**TASK DIRECTIONS**. In the listing below, find the line containing "Louis Vuitton Alma" and the line containing "Женщина отравилась угарным". Repeat exactly those two lines and every line between them.

- Opening Delimiter -

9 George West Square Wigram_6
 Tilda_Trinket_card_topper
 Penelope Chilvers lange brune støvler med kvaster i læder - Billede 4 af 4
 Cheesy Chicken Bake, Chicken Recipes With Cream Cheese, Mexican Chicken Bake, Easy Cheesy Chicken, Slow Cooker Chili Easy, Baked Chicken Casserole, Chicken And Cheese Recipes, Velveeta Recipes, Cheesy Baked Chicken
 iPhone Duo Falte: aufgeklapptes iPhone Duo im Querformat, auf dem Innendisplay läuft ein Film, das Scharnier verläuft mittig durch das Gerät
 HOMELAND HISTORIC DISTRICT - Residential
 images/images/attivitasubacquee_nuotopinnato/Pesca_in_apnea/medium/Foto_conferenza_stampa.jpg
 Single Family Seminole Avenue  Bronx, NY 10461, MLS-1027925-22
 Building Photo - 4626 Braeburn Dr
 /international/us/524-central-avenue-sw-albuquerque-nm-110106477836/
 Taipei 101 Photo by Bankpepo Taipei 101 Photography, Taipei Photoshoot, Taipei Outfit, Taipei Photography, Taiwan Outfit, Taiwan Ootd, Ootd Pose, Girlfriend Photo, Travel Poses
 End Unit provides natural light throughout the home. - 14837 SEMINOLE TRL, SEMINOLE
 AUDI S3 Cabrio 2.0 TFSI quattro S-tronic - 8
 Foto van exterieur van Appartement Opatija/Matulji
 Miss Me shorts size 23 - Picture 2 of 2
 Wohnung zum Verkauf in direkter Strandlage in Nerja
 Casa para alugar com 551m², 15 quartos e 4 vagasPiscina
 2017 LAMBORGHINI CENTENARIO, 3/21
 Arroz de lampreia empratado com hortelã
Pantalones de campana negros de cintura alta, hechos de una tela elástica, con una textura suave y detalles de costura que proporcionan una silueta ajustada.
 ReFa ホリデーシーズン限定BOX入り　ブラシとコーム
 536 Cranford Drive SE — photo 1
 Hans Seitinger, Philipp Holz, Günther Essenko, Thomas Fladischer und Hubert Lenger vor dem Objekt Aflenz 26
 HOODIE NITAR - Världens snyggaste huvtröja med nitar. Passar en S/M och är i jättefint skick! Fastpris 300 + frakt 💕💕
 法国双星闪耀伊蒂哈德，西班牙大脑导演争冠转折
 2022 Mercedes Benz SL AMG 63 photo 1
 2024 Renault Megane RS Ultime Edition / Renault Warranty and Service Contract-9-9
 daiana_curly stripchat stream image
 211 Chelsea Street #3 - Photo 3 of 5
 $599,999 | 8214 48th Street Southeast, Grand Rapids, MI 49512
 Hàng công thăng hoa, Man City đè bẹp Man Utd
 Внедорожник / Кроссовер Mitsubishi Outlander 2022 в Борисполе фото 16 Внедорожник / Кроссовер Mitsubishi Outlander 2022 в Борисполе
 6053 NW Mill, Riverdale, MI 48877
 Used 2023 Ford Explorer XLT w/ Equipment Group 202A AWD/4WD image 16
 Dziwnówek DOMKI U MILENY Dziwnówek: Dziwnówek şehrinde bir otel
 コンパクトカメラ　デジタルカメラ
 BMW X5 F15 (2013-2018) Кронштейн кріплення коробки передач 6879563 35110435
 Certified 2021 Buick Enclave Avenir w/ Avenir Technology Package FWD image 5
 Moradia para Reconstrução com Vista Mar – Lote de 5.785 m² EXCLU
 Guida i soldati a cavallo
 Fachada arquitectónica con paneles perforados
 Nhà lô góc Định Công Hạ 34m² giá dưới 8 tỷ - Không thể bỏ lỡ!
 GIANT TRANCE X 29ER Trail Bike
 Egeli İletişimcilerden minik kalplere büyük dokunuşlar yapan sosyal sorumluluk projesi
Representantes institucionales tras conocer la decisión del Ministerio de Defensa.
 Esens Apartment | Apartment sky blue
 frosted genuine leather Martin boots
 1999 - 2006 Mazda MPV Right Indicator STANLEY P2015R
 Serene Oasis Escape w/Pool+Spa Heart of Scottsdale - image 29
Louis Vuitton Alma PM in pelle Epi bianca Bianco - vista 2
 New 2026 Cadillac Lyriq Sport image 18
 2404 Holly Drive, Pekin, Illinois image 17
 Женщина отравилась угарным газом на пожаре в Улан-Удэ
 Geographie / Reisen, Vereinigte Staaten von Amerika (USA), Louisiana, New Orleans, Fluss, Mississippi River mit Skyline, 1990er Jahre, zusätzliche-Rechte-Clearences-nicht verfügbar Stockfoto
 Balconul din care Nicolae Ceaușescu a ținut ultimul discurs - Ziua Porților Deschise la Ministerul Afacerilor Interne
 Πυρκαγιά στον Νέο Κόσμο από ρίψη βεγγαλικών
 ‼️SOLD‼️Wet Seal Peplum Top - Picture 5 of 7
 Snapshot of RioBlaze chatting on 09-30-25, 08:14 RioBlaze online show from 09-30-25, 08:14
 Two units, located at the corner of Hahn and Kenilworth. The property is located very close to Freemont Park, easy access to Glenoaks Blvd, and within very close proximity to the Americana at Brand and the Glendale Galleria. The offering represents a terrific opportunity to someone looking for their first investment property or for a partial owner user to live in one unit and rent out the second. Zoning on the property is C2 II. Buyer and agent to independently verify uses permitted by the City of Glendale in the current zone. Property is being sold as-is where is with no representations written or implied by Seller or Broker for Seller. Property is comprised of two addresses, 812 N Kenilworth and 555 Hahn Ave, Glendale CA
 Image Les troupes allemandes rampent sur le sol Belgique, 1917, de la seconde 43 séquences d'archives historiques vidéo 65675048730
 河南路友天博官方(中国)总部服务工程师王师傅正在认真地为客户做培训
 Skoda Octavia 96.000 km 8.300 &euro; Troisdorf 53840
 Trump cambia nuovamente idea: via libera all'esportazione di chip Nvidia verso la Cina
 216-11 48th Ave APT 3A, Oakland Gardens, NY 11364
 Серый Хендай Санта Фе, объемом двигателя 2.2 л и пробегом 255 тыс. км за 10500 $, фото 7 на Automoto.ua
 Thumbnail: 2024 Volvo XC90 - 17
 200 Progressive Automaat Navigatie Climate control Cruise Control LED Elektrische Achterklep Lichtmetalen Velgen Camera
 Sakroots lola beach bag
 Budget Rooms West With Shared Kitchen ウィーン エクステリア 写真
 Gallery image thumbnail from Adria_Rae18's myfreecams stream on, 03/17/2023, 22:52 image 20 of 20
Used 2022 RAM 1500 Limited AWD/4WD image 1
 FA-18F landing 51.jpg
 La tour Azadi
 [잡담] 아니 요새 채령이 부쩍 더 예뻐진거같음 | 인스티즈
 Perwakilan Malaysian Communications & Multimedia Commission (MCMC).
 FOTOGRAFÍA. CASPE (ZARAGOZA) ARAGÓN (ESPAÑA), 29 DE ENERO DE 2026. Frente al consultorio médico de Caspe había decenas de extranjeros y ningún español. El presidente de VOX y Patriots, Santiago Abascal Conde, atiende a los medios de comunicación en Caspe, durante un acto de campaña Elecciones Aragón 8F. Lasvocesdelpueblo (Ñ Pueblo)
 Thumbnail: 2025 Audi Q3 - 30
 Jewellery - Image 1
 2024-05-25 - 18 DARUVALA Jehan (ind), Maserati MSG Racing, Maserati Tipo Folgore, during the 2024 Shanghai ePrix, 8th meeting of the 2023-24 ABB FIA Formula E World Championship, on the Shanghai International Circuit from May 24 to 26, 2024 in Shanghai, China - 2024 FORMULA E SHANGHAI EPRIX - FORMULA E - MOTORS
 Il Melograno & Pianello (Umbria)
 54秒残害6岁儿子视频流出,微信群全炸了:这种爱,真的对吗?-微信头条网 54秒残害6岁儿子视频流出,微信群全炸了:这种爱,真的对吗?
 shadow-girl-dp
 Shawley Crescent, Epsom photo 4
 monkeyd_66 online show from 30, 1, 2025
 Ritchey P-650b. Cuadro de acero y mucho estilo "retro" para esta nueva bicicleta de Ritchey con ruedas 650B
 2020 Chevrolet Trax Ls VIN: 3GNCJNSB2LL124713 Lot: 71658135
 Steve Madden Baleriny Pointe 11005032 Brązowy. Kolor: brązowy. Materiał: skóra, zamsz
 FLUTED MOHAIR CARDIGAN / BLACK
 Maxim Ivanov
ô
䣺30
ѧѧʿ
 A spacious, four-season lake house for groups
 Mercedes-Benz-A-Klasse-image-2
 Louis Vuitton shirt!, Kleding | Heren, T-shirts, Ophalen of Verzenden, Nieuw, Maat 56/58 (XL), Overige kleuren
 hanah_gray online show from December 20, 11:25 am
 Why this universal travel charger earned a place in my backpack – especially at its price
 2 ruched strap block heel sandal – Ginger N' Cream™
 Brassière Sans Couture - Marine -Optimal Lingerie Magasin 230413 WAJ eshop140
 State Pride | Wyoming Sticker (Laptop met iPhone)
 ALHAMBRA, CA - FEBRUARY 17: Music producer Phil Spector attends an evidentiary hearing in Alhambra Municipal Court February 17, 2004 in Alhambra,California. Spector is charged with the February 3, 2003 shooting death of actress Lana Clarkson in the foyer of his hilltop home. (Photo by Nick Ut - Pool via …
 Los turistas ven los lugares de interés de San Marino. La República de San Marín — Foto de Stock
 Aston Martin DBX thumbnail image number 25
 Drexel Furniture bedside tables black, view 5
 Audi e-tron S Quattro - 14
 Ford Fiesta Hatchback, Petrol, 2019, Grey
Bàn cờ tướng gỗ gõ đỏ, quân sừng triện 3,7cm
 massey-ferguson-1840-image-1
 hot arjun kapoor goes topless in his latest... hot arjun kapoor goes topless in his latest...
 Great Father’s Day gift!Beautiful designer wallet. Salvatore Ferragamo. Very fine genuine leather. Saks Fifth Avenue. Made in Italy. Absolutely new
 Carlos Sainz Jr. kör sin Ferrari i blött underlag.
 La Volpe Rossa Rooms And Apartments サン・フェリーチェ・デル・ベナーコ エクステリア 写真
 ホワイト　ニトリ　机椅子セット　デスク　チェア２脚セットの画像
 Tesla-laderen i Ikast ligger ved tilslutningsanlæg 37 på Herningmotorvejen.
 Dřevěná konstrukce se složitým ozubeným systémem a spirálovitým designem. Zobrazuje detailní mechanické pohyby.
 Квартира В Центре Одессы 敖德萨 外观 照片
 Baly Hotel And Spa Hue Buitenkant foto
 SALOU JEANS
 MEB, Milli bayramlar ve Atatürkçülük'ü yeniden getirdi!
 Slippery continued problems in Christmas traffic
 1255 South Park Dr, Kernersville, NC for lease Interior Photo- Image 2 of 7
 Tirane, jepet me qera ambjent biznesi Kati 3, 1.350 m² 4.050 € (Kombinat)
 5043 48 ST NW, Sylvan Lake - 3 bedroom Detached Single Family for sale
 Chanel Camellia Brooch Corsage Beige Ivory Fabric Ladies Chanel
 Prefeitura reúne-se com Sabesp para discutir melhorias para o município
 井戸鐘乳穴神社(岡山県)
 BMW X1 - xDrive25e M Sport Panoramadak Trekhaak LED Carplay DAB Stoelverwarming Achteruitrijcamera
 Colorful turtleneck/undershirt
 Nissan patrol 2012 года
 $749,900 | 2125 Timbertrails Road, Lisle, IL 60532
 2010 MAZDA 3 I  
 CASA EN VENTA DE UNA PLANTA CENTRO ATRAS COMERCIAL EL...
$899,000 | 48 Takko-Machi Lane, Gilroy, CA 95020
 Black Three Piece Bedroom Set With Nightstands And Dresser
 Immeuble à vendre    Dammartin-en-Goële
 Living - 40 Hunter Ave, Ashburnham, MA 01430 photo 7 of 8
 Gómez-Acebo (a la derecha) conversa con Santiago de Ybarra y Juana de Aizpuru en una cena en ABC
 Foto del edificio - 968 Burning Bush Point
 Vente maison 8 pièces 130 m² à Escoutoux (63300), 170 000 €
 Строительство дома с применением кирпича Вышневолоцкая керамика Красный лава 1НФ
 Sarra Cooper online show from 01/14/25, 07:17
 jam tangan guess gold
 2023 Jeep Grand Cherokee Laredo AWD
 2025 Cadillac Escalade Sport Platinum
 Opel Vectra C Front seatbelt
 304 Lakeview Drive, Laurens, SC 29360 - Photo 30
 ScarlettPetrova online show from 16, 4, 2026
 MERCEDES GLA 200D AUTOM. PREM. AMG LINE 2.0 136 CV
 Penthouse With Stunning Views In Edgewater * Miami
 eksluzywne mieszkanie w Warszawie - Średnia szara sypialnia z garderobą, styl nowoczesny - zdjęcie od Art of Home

- Closing Delimiter -

**REPLY TO THE EXERCISE**.
Louis Vuitton Alma PM in pelle Epi bianca Bianco - vista 2
 New 2026 Cadillac Lyriq Sport image 18
 2404 Holly Drive, Pekin, Illinois image 17
 Женщина отравилась угарным газом на пожаре в Улан-Удэ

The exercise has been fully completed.